In a period of transformation and rapid change there are risks. Labor market concerns, rising AI skepticism, and surprises around the path of inflation are on that list of risks. Geopolitical tensions and the prospect of monetary policy and Fed leadership uncertainty are additional concerns. Labor market weakness could rise even while moderate GDP growth is supported by increasing productivity and upper-income consumers. An equity market pullback, driven by stretched AI valuations, could be a negative for high-end consumers. Bifurcation of economic and financial impact between low- and high-end earners will likely continue.

Meanwhile, fixed income yields remain attractive. Rates are off their highs, but they still represent levels that are well above their 10-year averages across the curve. We expect portfolio returns to be determined primarily by coupon income. With the front end of the rates curve shaped by Fed policy, we believe a 10yr range of 3.5% to 4.75% is appropriate for the year. We plan to maintain a duration neutral bias.

An important theme for portfolio construction is diversification across sectors and issuers. It serves as a risk management lever in a tight spread environment and an alpha generator. At the sector level, we favor a modest overweight to corporates, MBS and CMBS, with a more meaningful overweight to ABS.

We maintain a modest overweight to Corporates, with an emphasis on security selection and shorter duration maturities given tight spreads. The sector is supported by strong earnings, reduced regulatory burdens, and the favorable provisions for corporates in the OBBBA. However, we construct this overweight recognizing that corporate spreads remain tight and that supply-demand technicals will likely be challenging if elevated AI-driven issuance from the technology and utility industries continues.

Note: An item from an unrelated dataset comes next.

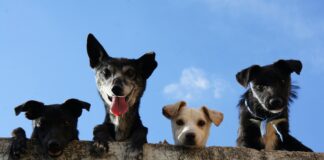 Welsh Puppies Needed For Ground-Breaking Research pexels edd1egalaxy 3628100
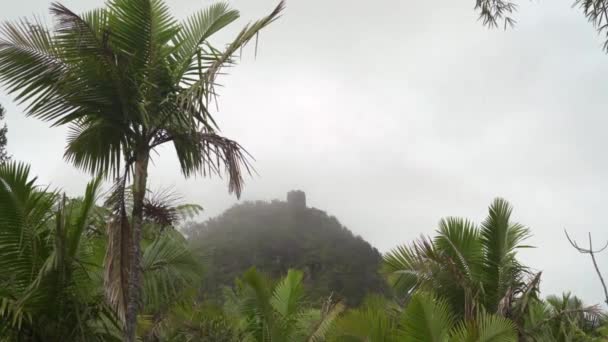 Stone tower on tropical hillside engulfed in clouds El Junque — Stock Video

We are also drawn to opportunities in Structured Products given their appealing relative value to Corporates. We expect MBS to outperform Treasuries given our expectation of lower rate volatility. We expect ABS to outperform, driven by their short duration and attractive spreads. While rising concerns over consumer delinquencies pose a risk of wider spreads, they also create an opportunity to add exposure to well-structured collateral within this shorter-duration sector. Our approach to CMBS remains opportunistic and selective, given the sector’s ongoing recovery.

DISCLOSURE

Past performance is not a guarantee or a reliable indicator of future results. Investing involves risk; principal loss is possible. Investors should carefully consider risk when investing in bonds or other securities, which include, but are not limited to, default, credit rating, interest rate, duration, prepayment, liquidity, and structural risks. Securities are also subject to general market risks due to factors that affect the overall market, which may include, but are not limited to, government actions, investor behavior, and economic conditions. Economic conditions may be influenced by liquidity risk, geopolitical risks, monetary and fiscal policy, interest rate risk, and inflation, among others. There is no guarantee that investment strategies presented will work under all market conditions. Risk management processes including diversification cannot eliminate the risk of losses nor assure the likelihood of a gain. Each investor should evaluate their ability to invest for the long-term, especially during periods of downturn or volatility in the market. Refer to the Legal & Disclosures section for additional disclaimers and disclosures regarding performance, risk, and investment process.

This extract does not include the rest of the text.